Migrates the compatible-endpoint half of the provider/endpoint inference slice from placeholder planning into the typed E2E scenario framework.

Related Issue

Refs #4941
Refs #4990
Refs #4349
Stacked on #5057 via base branch codex/e2e-fanout-06-cloud-inference-routing-scenarios.

Changes

  • Adds fixture-owned OpenAI-compatible onboarding for OpenClaw using a local mock endpoint reachable from the sandbox via host.openshell.internal.
  • Requires bearer auth on the compatible mock's /v1/models and /v1/chat/completions routes, uses a per-run mock bearer token, and caps request bodies so the live scenario proves credential propagation instead of accepting unauthenticated traffic.
  • Marks the compatible-endpoint manifest as an explicit open policy scenario, matching the host-reachable mock endpoint boundary.
  • Adds a compatible-specific expected-state ID so the scenario metadata records the compatible provider, mock model, open policy tier, and COMPATIBLE_API_KEY credential ref instead of reusing generic NVIDIA cloud state.
  • Wires openai-compatible-inference into RuntimePhaseFixture, the assertion registry, live scenario support, and the live matrix so ubuntu-repo-openai-compatible-openclaw can run without external compatible-endpoint secrets.
  • Declares the double-provider-switch scenario against the inference-switch runtime suite, while keeping it unsupported and not-migrated in legacy inventory until a real lifecycle fixture performs provider registration and inference set.
  • Updates legacy inventory notes so the remaining shell-script coverage is explicit instead of pretending this slice is deletion-ready.
  • Updates typed sandbox exec calls to the current OpenShell sandbox exec --name <sandbox> -- <cmd> form and keeps live scenario tests out of the default CLI project.

Type of Change

  • Code change (feature, bug fix, or refactor)
  • Code change with doc updates
  • Doc only (prose changes, no code sample modifications)
  • Doc only (includes code sample changes)

Verification

  • npx vitest run --project e2e-scenario-framework --silent=false --reporter=default
  • npx vitest run --project e2e-scenario-framework test/e2e-scenario/framework-tests/e2e-phase-onboarding.test.ts --silent=false --reporter=default
  • npx vitest run --project e2e-scenario-framework test/e2e-scenario/framework-tests/e2e-phase-onboarding.test.ts test/e2e-scenario/framework-tests/e2e-expected-state.test.ts test/e2e-scenario/framework-tests/e2e-scenario-matrix.test.ts test/e2e-scenario/framework-tests/e2e-live-registry-discovery.test.ts --silent=false --reporter=default
  • npx vitest run --project cli --passWithNoTests test/e2e-scenario/live/registry-scenarios.test.ts --silent=false --reporter=default
  • npm run build:cli
  • npm run typecheck:cli
  • git diff --check
  • NEMOCLAW_RUN_E2E_SCENARIOS=1 NEMOCLAW_CLI_BIN=/home/cvillela/src/github.com/nvidia/NemoClaw/bin/nemoclaw.js npx vitest run --project e2e-scenarios-live test/e2e-scenario/live/registry-scenarios.test.ts -t '^ubuntu-repo-openai-compatible-openclaw$' --silent=false --reporter=default
  • HOME=$(mktemp -d) npx vitest run --project cli test/release-latest-tag.test.ts --silent=false --reporter=default
  • npx prek run --all-files passes locally; it failed only in test/release-latest-tag.test.ts because this workstation's global git signing config points at an unavailable signing key (No private key found for public key "/home/cvillela/.ssh/git-signing-key.pub").

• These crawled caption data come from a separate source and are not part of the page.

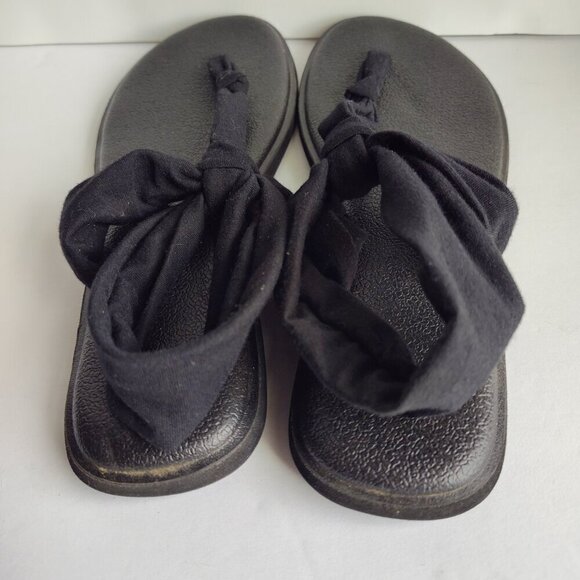 Ladies SZ 9 Sanuk Black Yoga Sandal - Picture 2 of 4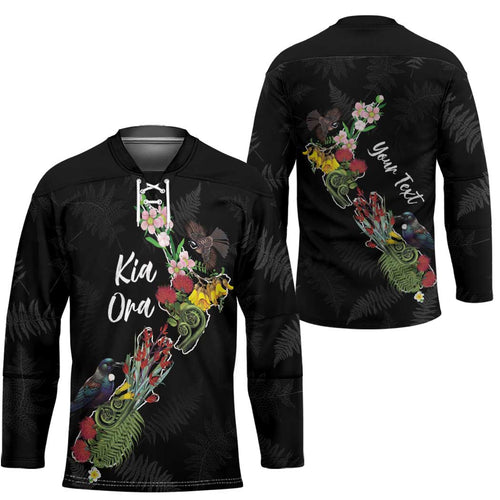 Kia Ora New Zealand Floral Personalized Hockey Jersey Black - Aussie Hoodie
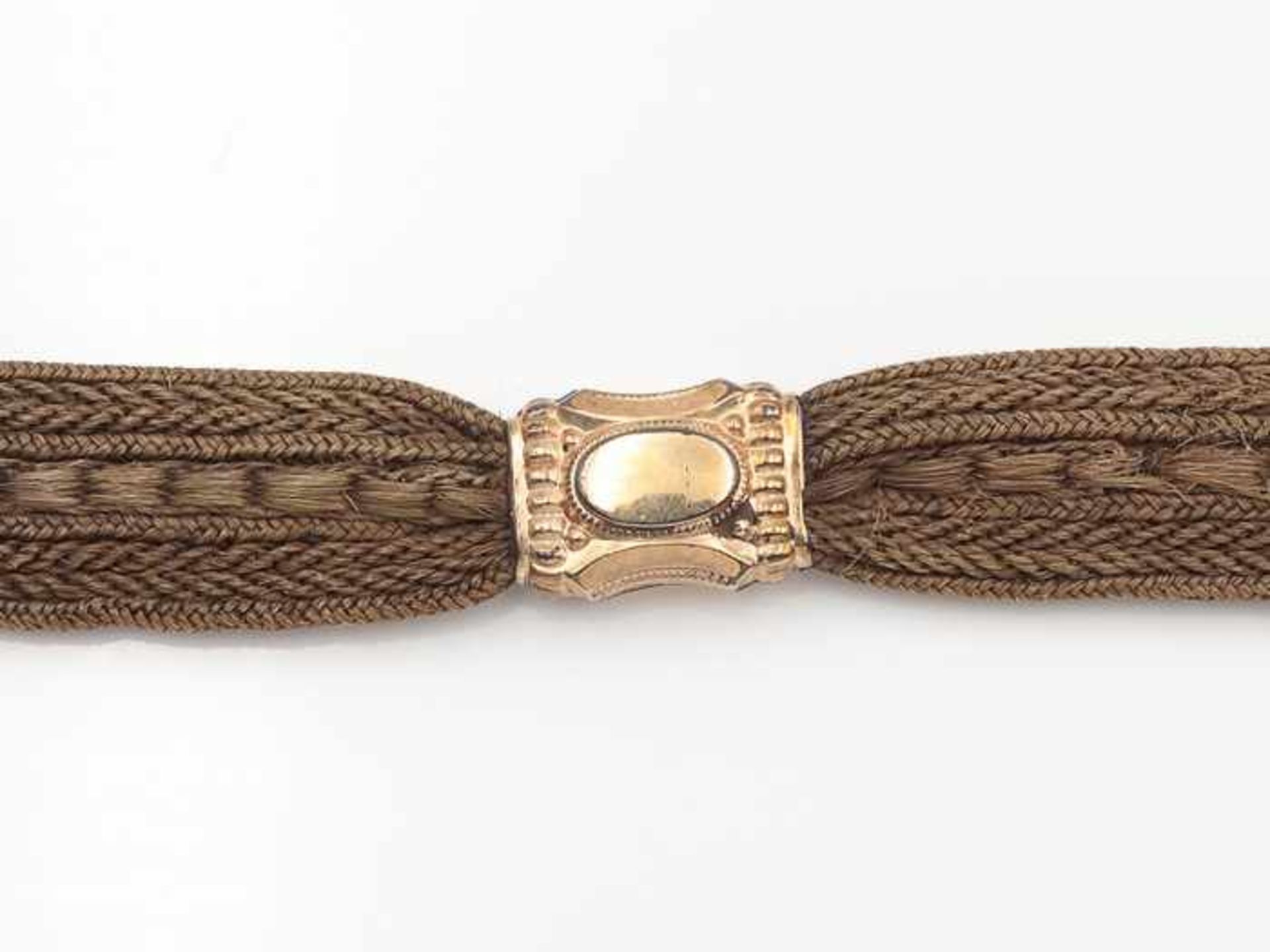 UhrenketteBiedermeier, aus geflochtenen Haaren mit Zierelementen - Hirschkopf u.a. - aus Schaumgold, - Bild 3 aus 3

The same release-tag test passes with a clean temporary HOME.
  • Tests added or updated for new or changed behavior
  • No secrets, API keys, or credentials committed
  • Docs updated for user-facing behavior changes
  • npm run docs builds without warnings (doc changes only)
  • Doc pages follow the style guide (doc changes only)
  • New doc pages include SPDX header and frontmatter (new pages only)

Signed-off-by: Carlos Villela cvillela@nvidia.com

Signed-off-by: Carlos Villela <cvillela@nvidia.com>
@cv cv self-assigned this Jun 9, 2026
@copy-pr-bot

copy-pr-bot Bot commented Jun 9, 2026

Copy link
Copy Markdown

Auto-sync is disabled for draft pull requests in this repository. Workflows must be run manually.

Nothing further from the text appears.